Bonum Certa Men Certa

The Economics of FUD

Once upon a time, I had opined that Microsoft's true bounty in the Microvell deal was Novell's complicity in Microsoft's attempts to undermine the E.C. Decision and fines, and that the FUD was merely a bonus.

Apparently, I hadn't any appreciation for just how much of an economic interest the monopolist has in using any and all means to defend their position for as absolutely long as possible. While reading through the Linux Foundation's response to Microsoft's recent patent saber-rattling, I was taken aback at the truly staggering sums involved:

In the time it will likely take you to read this article, Microsoft will have made $500,000 in net profit. It's instructive to note that the majority of that profit comes from its Windows operating system and Office suite of business software. Not coincidentally, those are the two product lines most threatened by Linux operating systems and Open Office.

Given the high stakes involved, it's not surprising that Microsoft would take steps to protect its turf. In fact, it makes perfect sense. Let's face it: If you were making $1 billion a month, what would you do? Perhaps engage in rhetoric and hyperbole to generate some old-fashioned FUD (fear, uncertainty, and doubt)? Just looking at the numbers, it's easy to see that even if the scare campaign merely delays a customer's migration from Windows to Linux by a single day, Microsoft is $34 million dollars better off.


Think about that - just one week of Novell-Fueled FUD pays for all of those SUSE subscriptions (7 days @ $34M each = $238M, MS payed $240M for 350,000 SUSE subscription coupons).

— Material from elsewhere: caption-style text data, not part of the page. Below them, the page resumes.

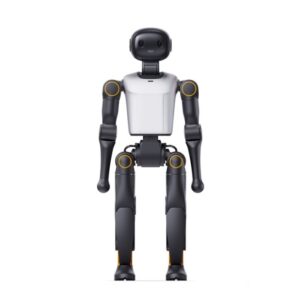 Booster K1 Professional Humanoid Robot
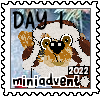 day1miniadventstamp_orig.png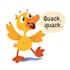 make an illustration for you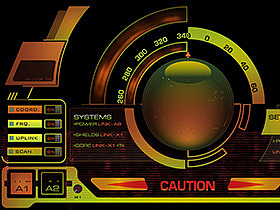 crabstat易统计web设计，一款强大的统计分析软件（图ZMjgzODQ3NzMy） - 软件界面 - 站酷设计师我是杨柳原创素材 - 站酷ZCOOL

Each and every day that Microsoft has been able to use Novell's capitulation to FUD Linux since November 9th 2006 has been pure profit.

Does anyone still really want to argue that Novell was the party of advantage, as evidenced by the relatively larger (but insignificant to Microsoft, as these number indicate) payment for the patent covenant?

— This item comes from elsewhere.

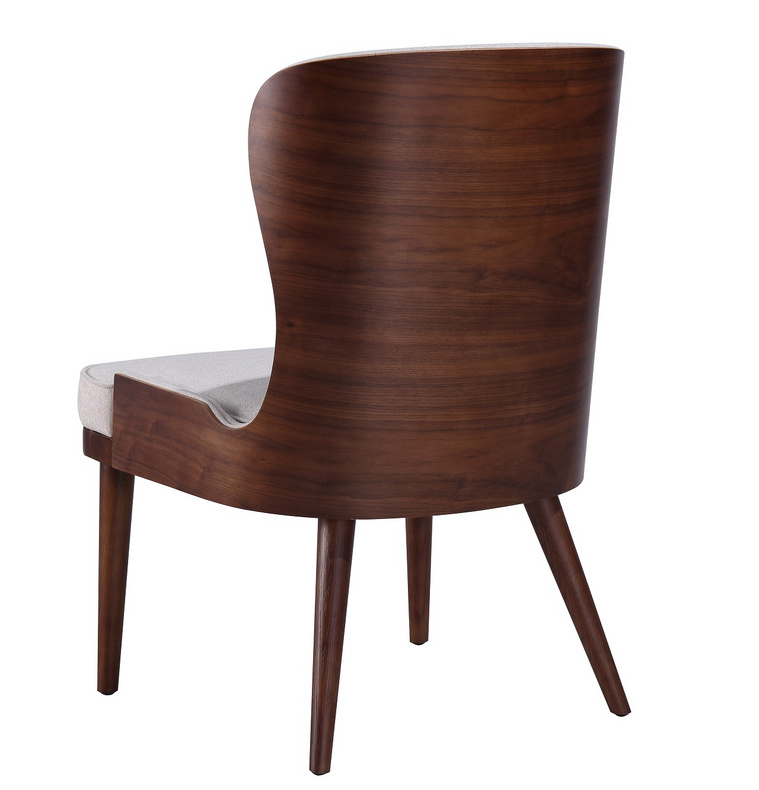 Dining chair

As far as the statement from the the Linux Foundation, they have called on Microsoft ("a rational actor") to "work with the Linux ecosystem to restore confidence in the patent system by making sure they are issued only for truly unique, innovative, and novel functions that advance the state of the art." The statement also includes not-so-subtle reminders to Microsoft that they are not the only people to hold significant patent portfolios.

Joining in the patent cold war recently, on the side of Free Software and toting a significant and focused patent portfolio of their own, was Sun's Jonathan Schwartz, who has pledged to rally to the aid of Red Hat and Ubuntu, if need be. (It should be noted that Sun engaged in a controversial deal with Microsoft back in 2004, in which Sun secured protection from potential IP claims regarding OOO by MS for only Sun StarOffice customers - sound familiar?)

Of course, neither Microsoft nor Sun want to truly test their spurious software patents in a court of law, but moments such as these allow us some insight into the dispositions, and motivations, of the "leaders" of the software industry.

In this case Microsoft, Novell and Sun all have a vested interest in the perpetuation of the software patent myth, and would prefer just an adjustment of the broken system.